Crate border_async_trainer

Expand description

Asynchronous trainer with parallel sampling processes.

The code might look like below.

fn train() {
    let agent_configs: Vec<_> = vec![agent_config()];
    let env_config_train = env_config(name);
    let env_config_eval = env_config(name).eval();
    let replay_buffer_config = load_replay_buffer_config(model_dir.as_str())?;
    let step_proc_config = SimpleStepProcessorConfig::default();
    let actor_man_config = ActorManagerConfig::default();
    let async_trainer_config = load_async_trainer_config(model_dir.as_str())?;
    let mut recorder = TensorboardRecorder::new(model_dir);
    let mut evaluator = Evaluator::new(&env_config_eval, 0, 1)?;

    // Shared flag to stop actor threads
    let stop = Arc::new(Mutex::new(false));

    // Creates channels
    let (item_s, item_r) = unbounded(); // items pushed to replay buffer
    let (model_s, model_r) = unbounded(); // model_info

    // guard for initialization of envs in multiple threads
    let guard_init_env = Arc::new(Mutex::new(true));

    // Actor manager and async trainer
    let mut actors = ActorManager::build(
        &actor_man_config,
        &agent_configs,
        &env_config_train,
        &step_proc_config,
        item_s,
        model_r,
        stop.clone(),
    );
    let mut trainer = AsyncTrainer::build(
        &async_trainer_config,
        &agent_config,
        &env_config_eval,
        &replay_buffer_config,
        item_r,
        model_s,
        stop.clone(),
    );

    // Set the number of threads
    tch::set_num_threads(1);

    // Starts sampling and training
    actors.run(guard_init_env.clone());
    let stats = trainer.train(&mut recorder, &mut evaluator, guard_init_env);
    println!("Stats of async trainer");
    println!("{}", stats.fmt());

    let stats = actors.stop_and_join();
    println!("Stats of generated samples in actors");
    println!("{}", actor_stats_fmt(&stats));
}

Training process consists of the following two components:

ActorManager manages Actors, each of which runs a thread for interacting Agent and Env and taking samples. Those samples will be sent to the replay buffer in AsyncTrainer.
AsyncTrainer is responsible for training of an agent. It also runs a thread for pushing samples from ActorManager into a replay buffer.

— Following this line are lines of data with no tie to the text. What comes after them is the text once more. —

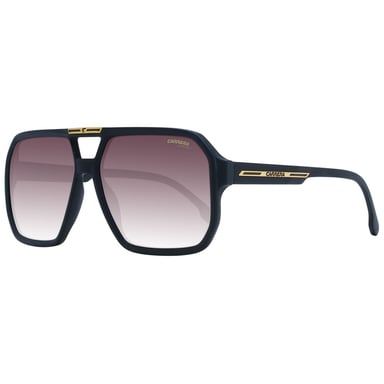 Carrera 1051343 Square Sunglasses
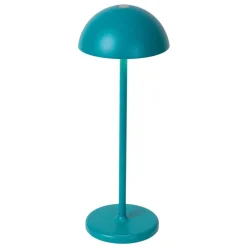 Lampe A Poser Lucide Joy Led Bleu, 1 Lumiere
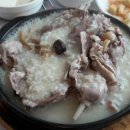 진위장수촌 이미지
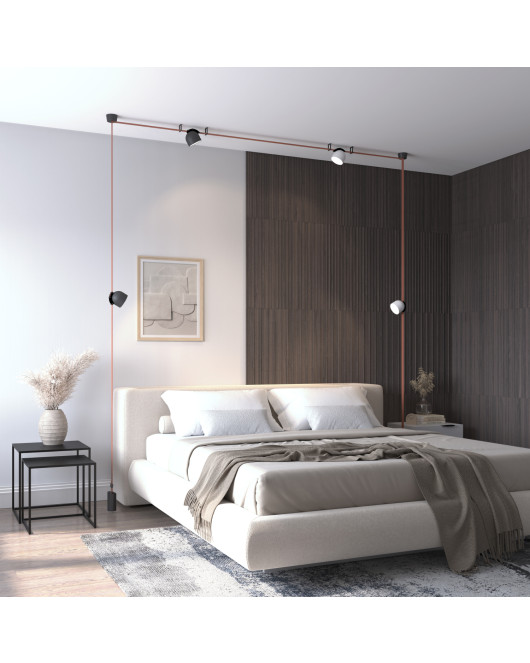 DK55SET16-01-BR Denkirs light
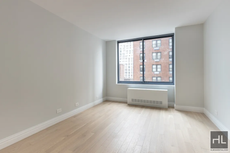 Image for WEST 48 STREET
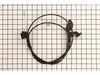 KIT.MZR/DP.RGD STRT.B&S/HONDA – Part Number: 587326602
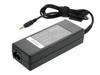 Power Supply Sony 10.5V 4.3A ZM/SON10543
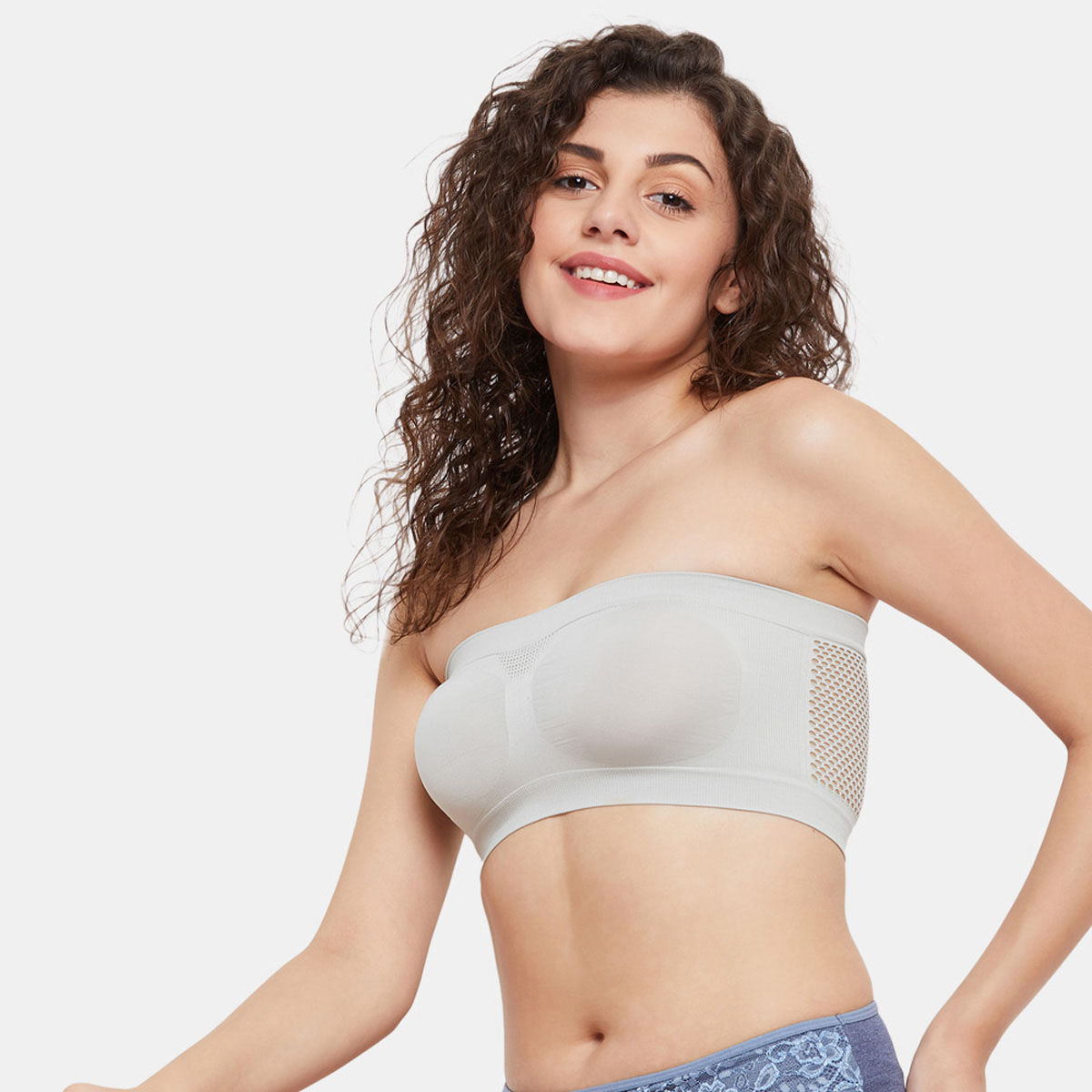product image10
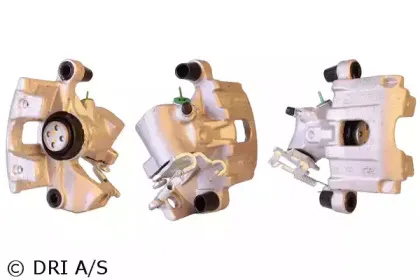 Тормозной суппорт DRI купить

The Agent must implement SyncModel trait in order to synchronize the model of the agent in Actor with the trained agent in AsyncTrainer. The trait has the ability to import and export the information of the model as SyncModel::ModelInfo.

The Agent in AsyncTrainer is responsible for training, typically with a GPU, while the Agents in Actors in ActorManager is responsible for sampling using CPU.

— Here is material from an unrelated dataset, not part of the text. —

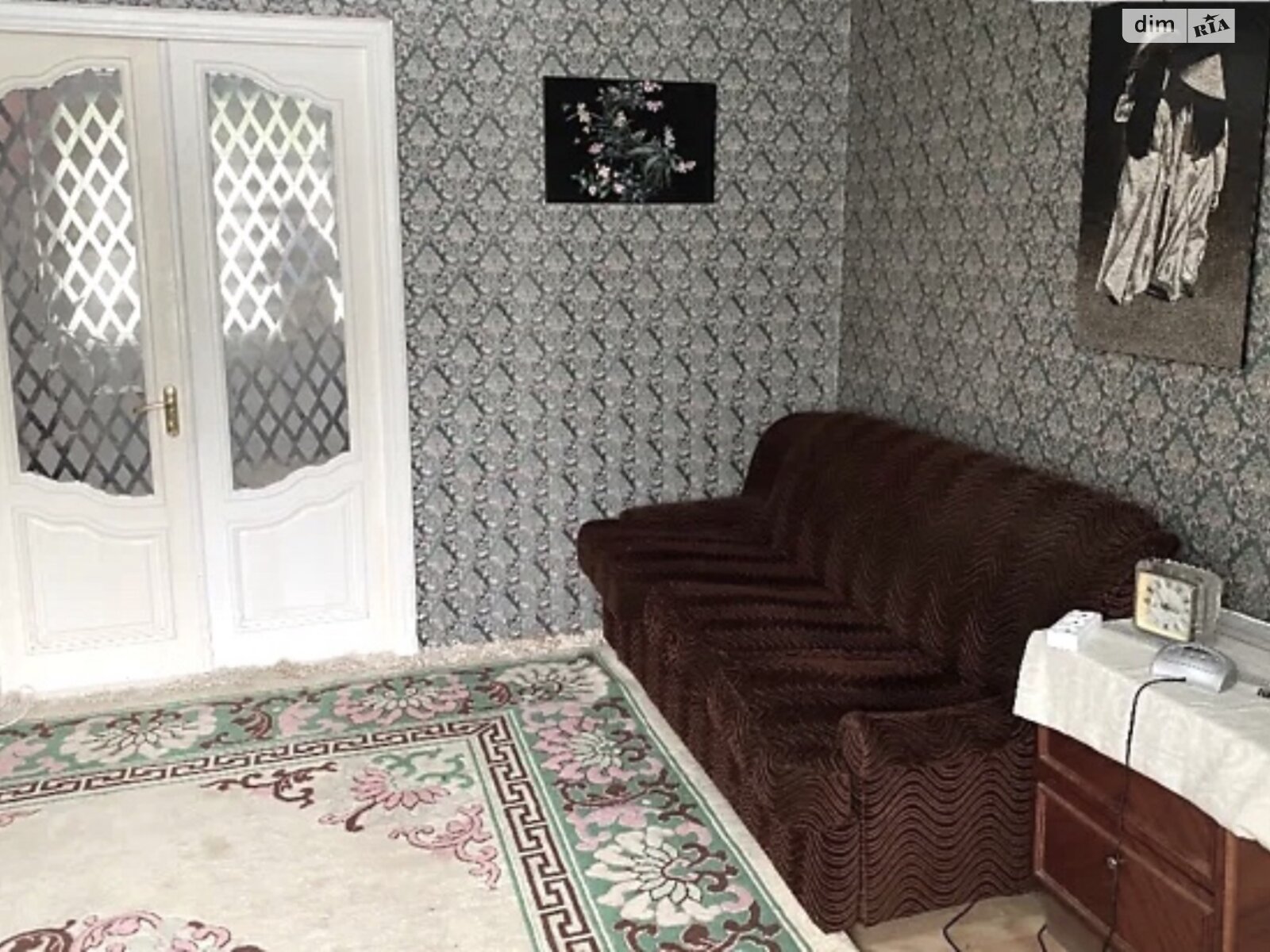 двухкомнатная квартира с мебелью в Николаеве, район Центральный, на ул. Игоря Бедзая в аренду на долгий срок помесячно фото 1 двухкомнатная квартира с мебелью в Николаеве, район Центральный, на ул. Игоря Бедзая в аренду на долгий срок помесячно фото 1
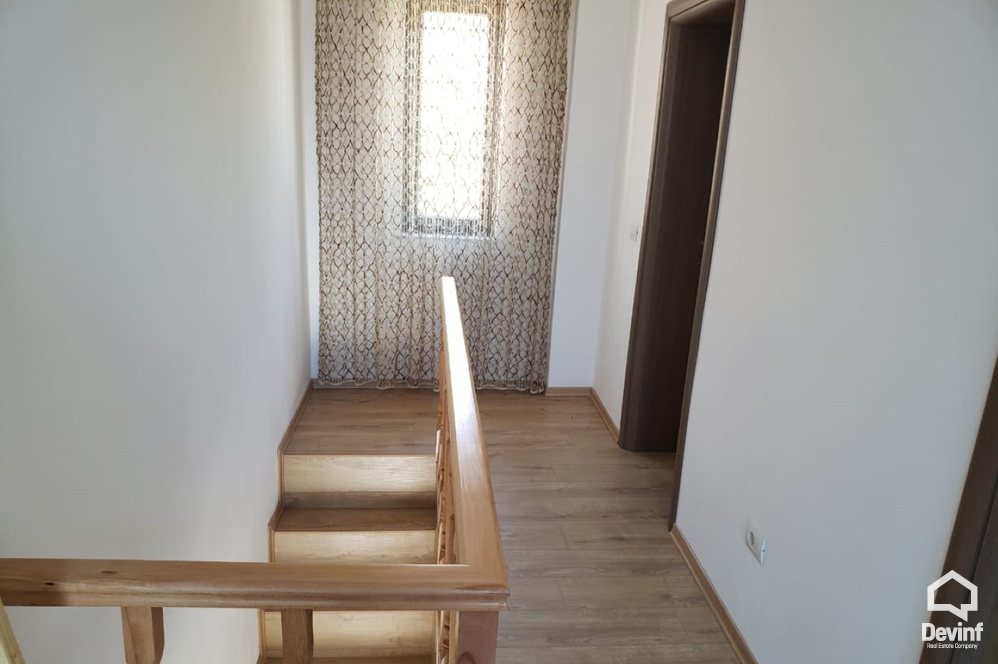 Tirane For Rent Houses 2+1+A House in Bardhyl Street Apartment Villa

Both AsyncTrainer and ActorManager are running in the same machine and communicate by channels.

Modules

util
Utility function.

Structs

Actor
Runs interaction between an Agent and an Env, then generates transitions.
ActorManager
Manages Actors.
ActorManagerConfig
Configuration of ActorManager.
ActorStat
Stats of sampling process in each Actor.
AsyncTrainStat
Stats of AsyncTrainer::train().
AsyncTrainer
Manages asynchronous training loop in a single machine.
AsyncTrainerConfig
Configuration of AsyncTrainer
PushedItemMessage
Message containing a ReplayBufferBase::PushedItem.
ReplayBufferProxy
A wrapper of replay buffer for asynchronous trainer.
ReplayBufferProxyConfig
Configuration of ReplayBufferProxy.

Enums

BorderAsyncTrainerError

Traits

SyncModel
Synchronizes the model of the agent in asynchronous training.

Functions

actor_stats_fmt
Returns a formatted string of the set of ActorStat for reporting.